Step 3 — Gravity Bending Capacity

Major-axis: Mnx = Sxx x Fy = 1.81 x 50 = 90.5 kip-in. phi_b x Mnx = 81.5 kip-in.

Mx* = 108.2 kip-in. > 81.5 kip-in. — section undersized.

Remedy: use C20019 (t = 0.075 in., Sxx ~ 2.25 in^3). phi x Mnx = 0.90 x 112.5 = 101.3 kip-in. Still borderline. Upgrade to C25024.

Minor-axis: Mny = 0.206 x 50 = 10.3 kip-in. phi x Mny = 9.27 kip-in. vs My* = 9.00 kip-in. — 97.1%

Step 4 — Wind Uplift Case

Wind pressure (ASCE 7-22 Chapter 30): qh = 37.6 psf, GCP = -2.4 (Zone 2, A = 100 ft^2). p_net = -88.3 psf (suction).

Factored uplift: wu = 0.9D + 1.0W = 0.9 x 3.0 x 5 + 0.9 x 2.62 + (-88.3) x 5 = -425.6 plf = 0.426 klf (upward)

Mu = 0.426 x 50 = 21.3 kip-ft = 255.6 kip-in.

LTB capacity with midspan bridging (Lb = 10 ft):

Elastic critical LTB stress per AISI S100: Fcre = 6.02 ksi << Fy = 50 ksi.
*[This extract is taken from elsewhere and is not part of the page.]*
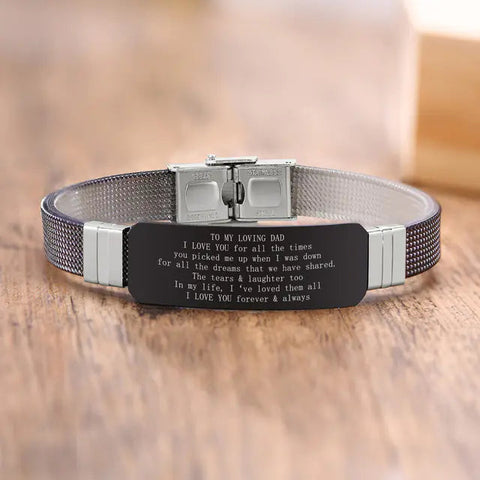 Customizable Stainless Steel BEST DAD Bracelets Frugal Finds Galore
Mn_LTB = 1.81 x 6.02 = 10.9 kip-in. phi x Mn = 9.81 kip-in. vs Mu = 255.6 kip-in. — catastrophic failure without adequate bridging.

With two bridging rows (Lb = 6.67 ft): Fcre = 12.52 ksi, Mn_LTB = 22.66 kip-in. phi x Mn = 20.4 kip-in. — still grossly inadequate.

Step 5 — Redesign for Uplift

Final design: C25024 at 4 ft c/c with 2 bridging rows

Under gravity with 4 ft spacing: Mx* = 88.2 kip-in. with C25024 phi x Mnx = 171 kip-in. — 51.6%. Under uplift: LTB capacity must be verified with actual section properties. Uplift controls.

Summary

Condition	C20015 at 5 ft	C25024 at 4 ft
Gravity major-axis	133% (FAIL)	51.6%
Gravity minor-axis	97.1%	~25%
Uplift LTB (midspan bridging)	<5% (FAIL)	Must verify
Bridging required	2 rows minimum	2 rows minimum

Conclusion: Cold-formed purlin design is governed by wind uplift in most US regions due to the dramatic reduction in LTB capacity. The C20015 proposed for gravity alone required upsize to C25024 with closer spacing and multiple bridging rows to satisfy uplift requirements. This worked example demonstrates why uplift, not gravity, dictates cold-formed purlin selection.